> _What you should do_
In the material below, write out each line word for word and omit the pictures.

> _Source material_
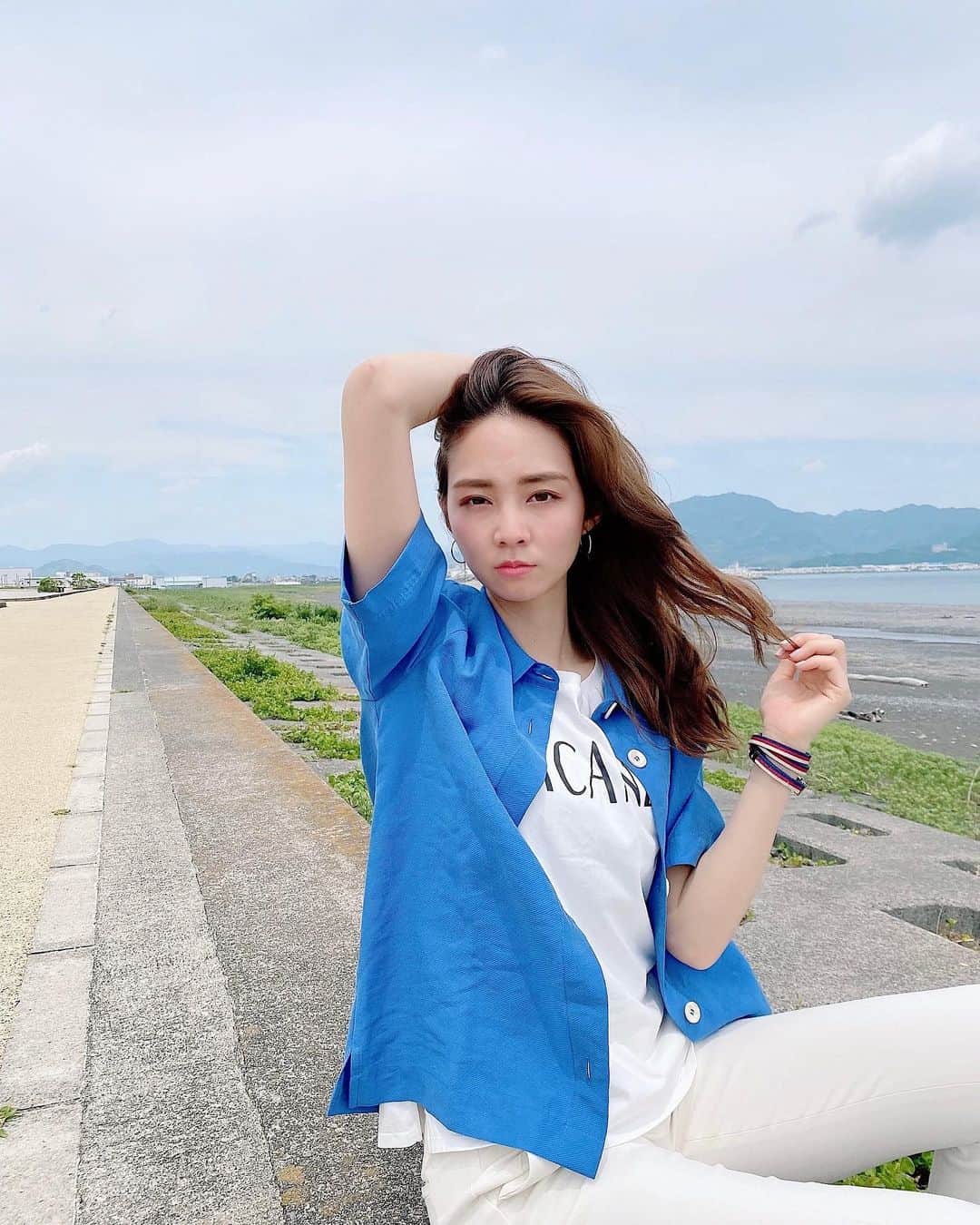 利水翔のインスタグラム：「. #ootd  とある日のロケの 私服コーディネート🥰  夏っぽく白と青で🏝⛱  春夏になるとカラーの 洋服がたくさん出るので見てて ワクワクします♫😇  .  .  . #enjoy #smile #ootd #happy #fishing #angler #selfie  #fation  #TSURInaKIBUN」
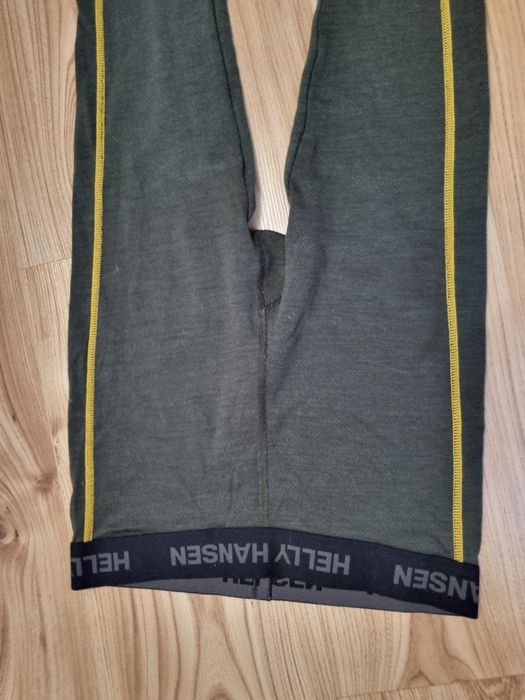 Odzież termiczna legginsy Helly hansen 11-12lat 152cm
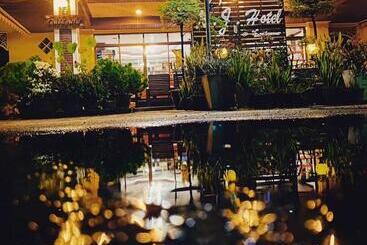 هتل โรงแรมเอ็น.เจ. ธาตุพนม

> _The completed task_
 利水翔のインスタグラム：「. #ootd  とある日のロケの 私服コーディネート🥰  夏っぽく白と青で🏝⛱  春夏になるとカラーの 洋服がたくさん出るので見てて ワクワクします♫😇  .  .  . #enjoy #smile #ootd #happy #fishing #angler #selfie  #fation  #TSURInaKIBUN」
 Odzież termiczna legginsy Helly hansen 11-12lat 152cm
 هتل โรงแรมเอ็น.เจ. ธาตุพนม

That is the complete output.